With the pictures left out, output the records below exactly.

__Brief descriptive captions__
=== Section Start ===

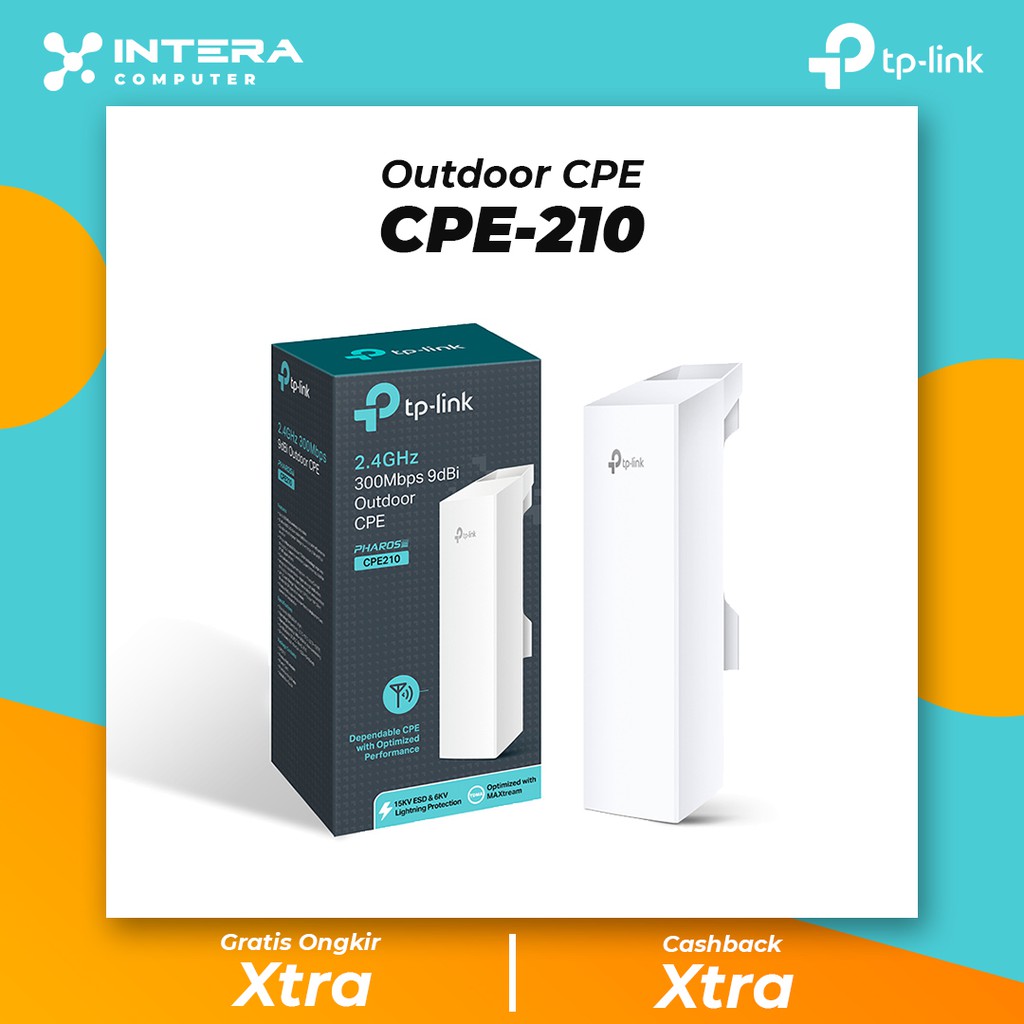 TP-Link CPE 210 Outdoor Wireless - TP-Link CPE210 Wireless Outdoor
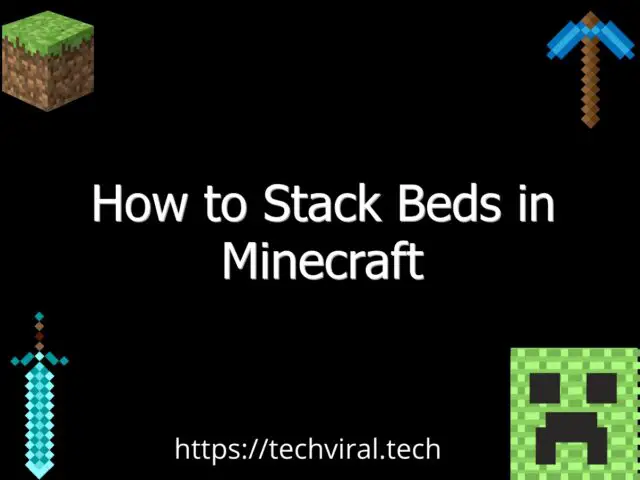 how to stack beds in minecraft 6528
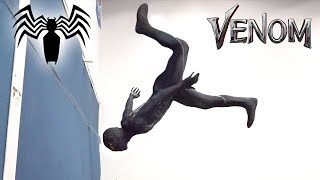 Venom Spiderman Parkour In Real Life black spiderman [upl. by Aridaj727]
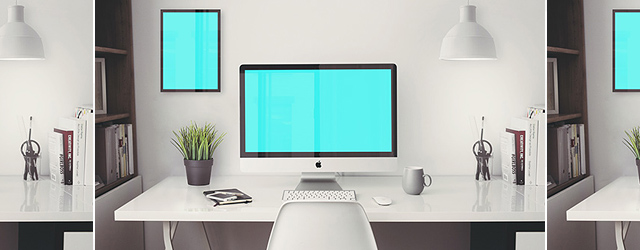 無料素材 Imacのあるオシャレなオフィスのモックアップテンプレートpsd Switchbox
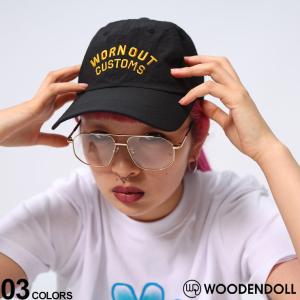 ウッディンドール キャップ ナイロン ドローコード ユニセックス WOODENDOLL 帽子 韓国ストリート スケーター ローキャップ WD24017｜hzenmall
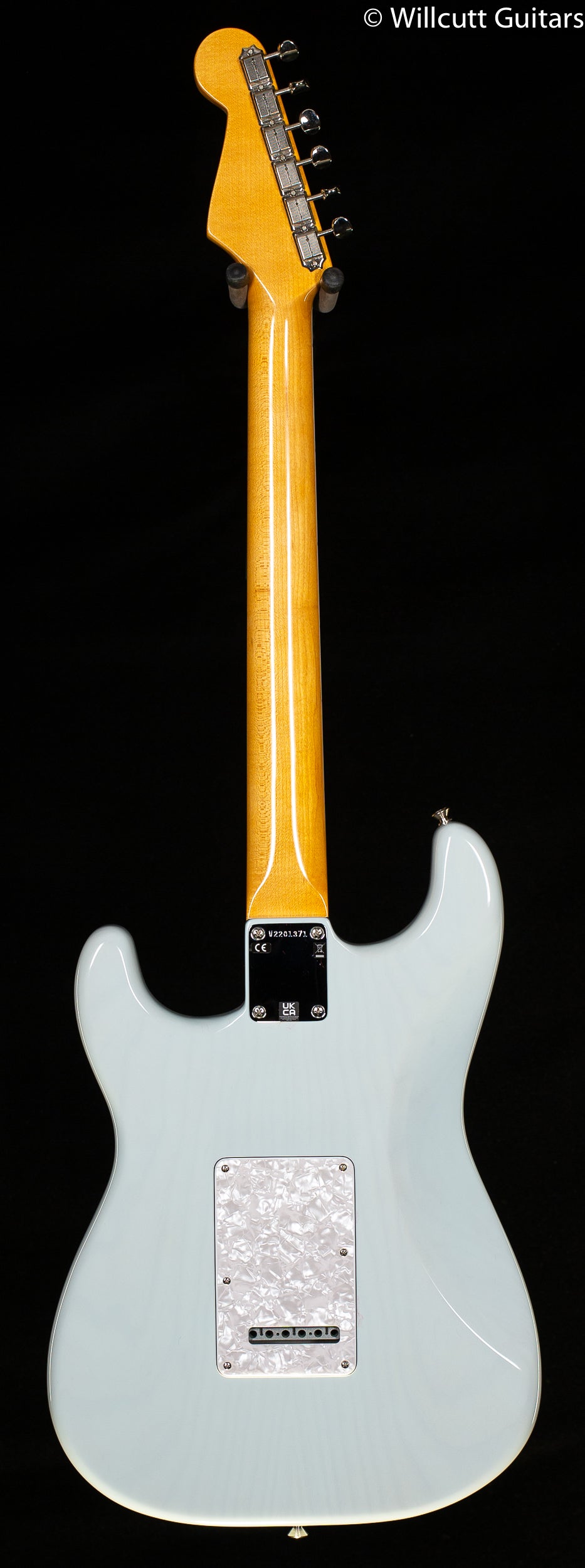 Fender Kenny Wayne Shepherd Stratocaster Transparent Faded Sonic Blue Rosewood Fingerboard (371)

=== Section End ===

__Task result__
 TP-Link CPE 210 Outdoor Wireless - TP-Link CPE210 Wireless Outdoor
 how to stack beds in minecraft 6528
 Venom Spiderman Parkour In Real Life black spiderman [upl. by Aridaj727]
 無料素材 Imacのあるオシャレなオフィスのモックアップテンプレートpsd Switchbox
 ウッディンドール キャップ ナイロン ドローコード ユニセックス WOODENDOLL 帽子 韓国ストリート スケーター ローキャップ WD24017｜hzenmall
 Fender Kenny Wayne Shepherd Stratocaster Transparent Faded Sonic Blue Rosewood Fingerboard (371)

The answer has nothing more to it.